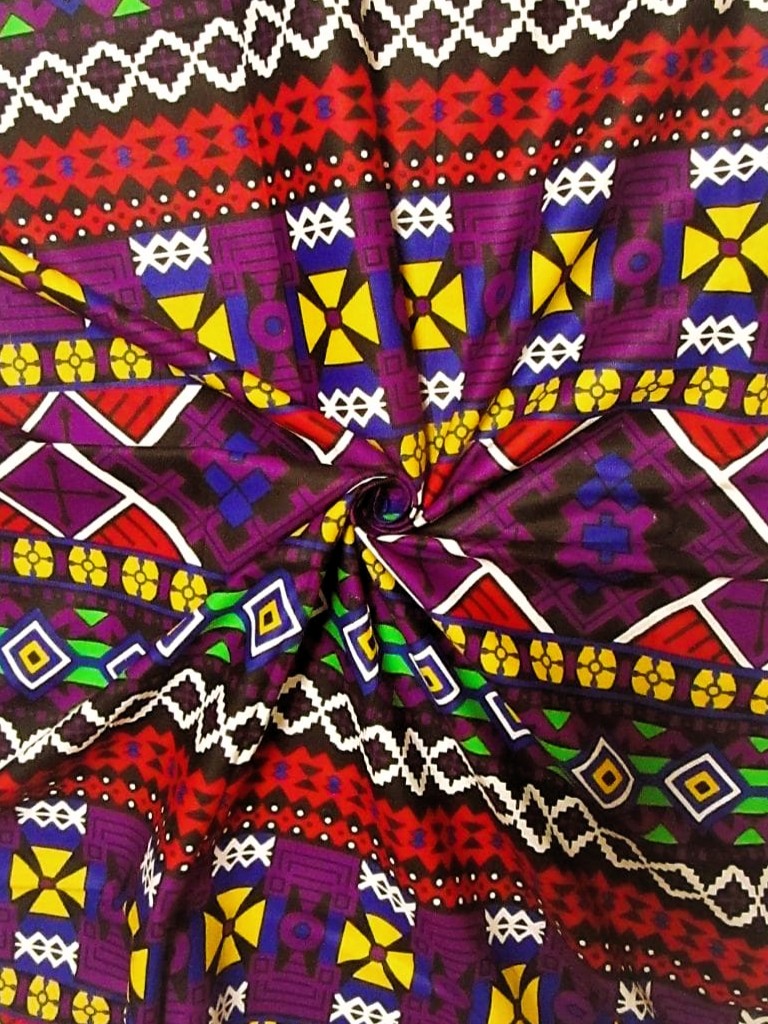 画像: アフリカンプリント生地 パーニュ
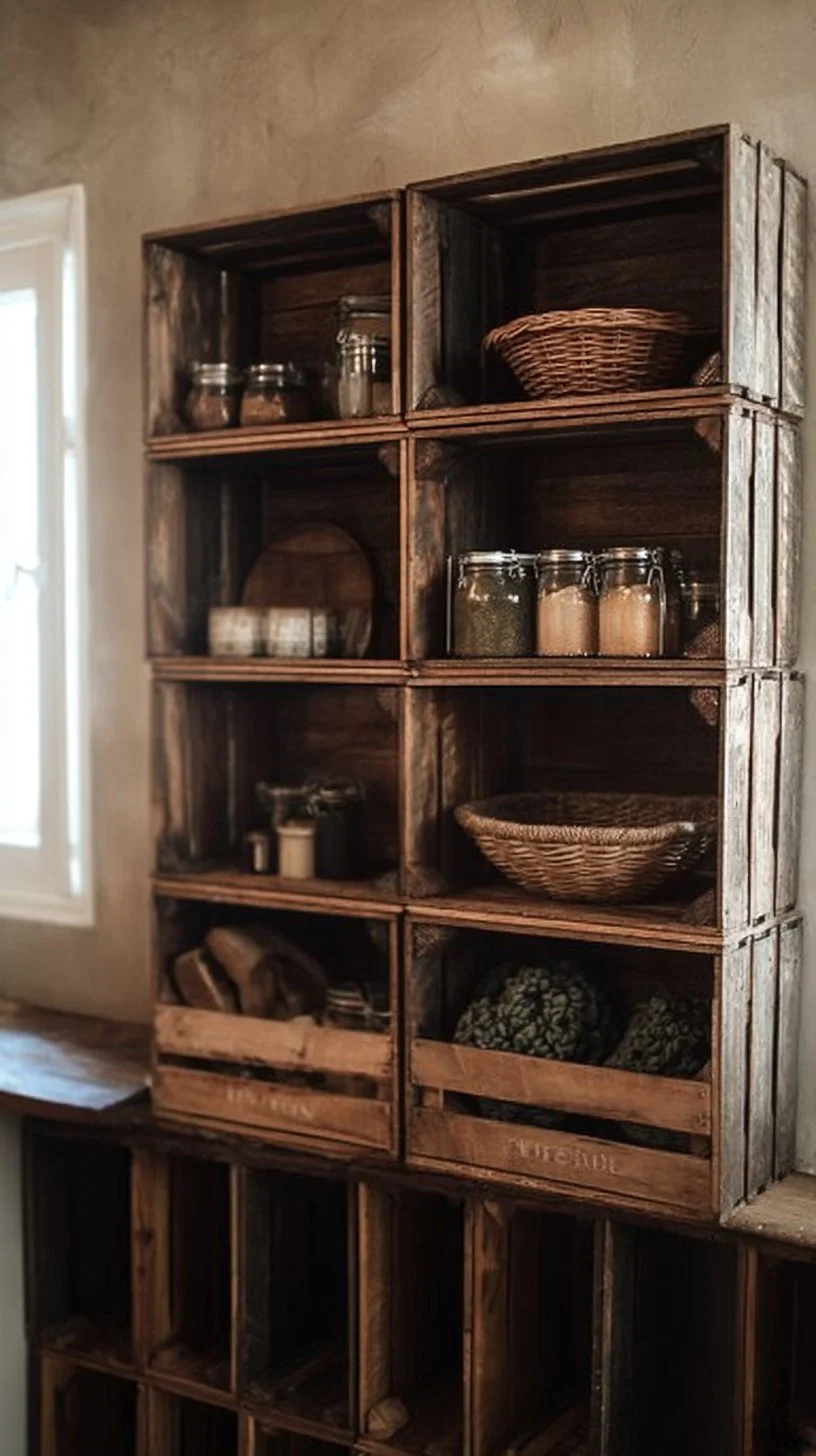 17+ Best Wooden Crate Shelf Ideas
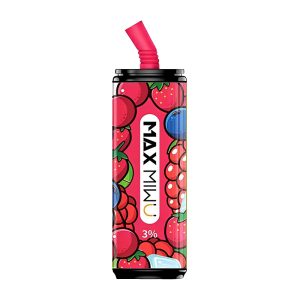 MAX MIWU 콜라 주석 일회용 Vape 3600 퍼프 - 베리 아이스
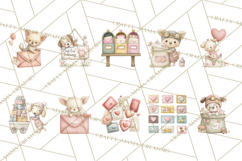 Puppy Post Office Clipart PNG Valentine Mail Dog Clip Art. Product Image 8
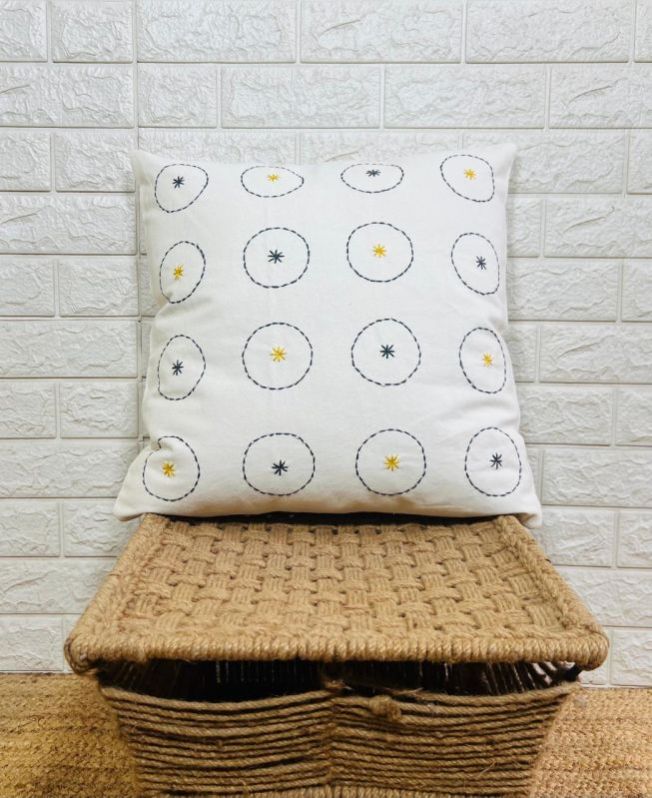 Cotton Embroidered Cushion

Description of the task :: With pictures omitted, copy exactly the lines from the one containing "MAX MIWU 콜라 주석 일회용 Vape 3600 퍼프 - 베리 아이스" through the final line of the listing, both included.

Result for this exercise ::
 MAX MIWU 콜라 주석 일회용 Vape 3600 퍼프 - 베리 아이스
 Puppy Post Office Clipart PNG Valentine Mail Dog Clip Art. Product Image 8
 Cotton Embroidered Cushion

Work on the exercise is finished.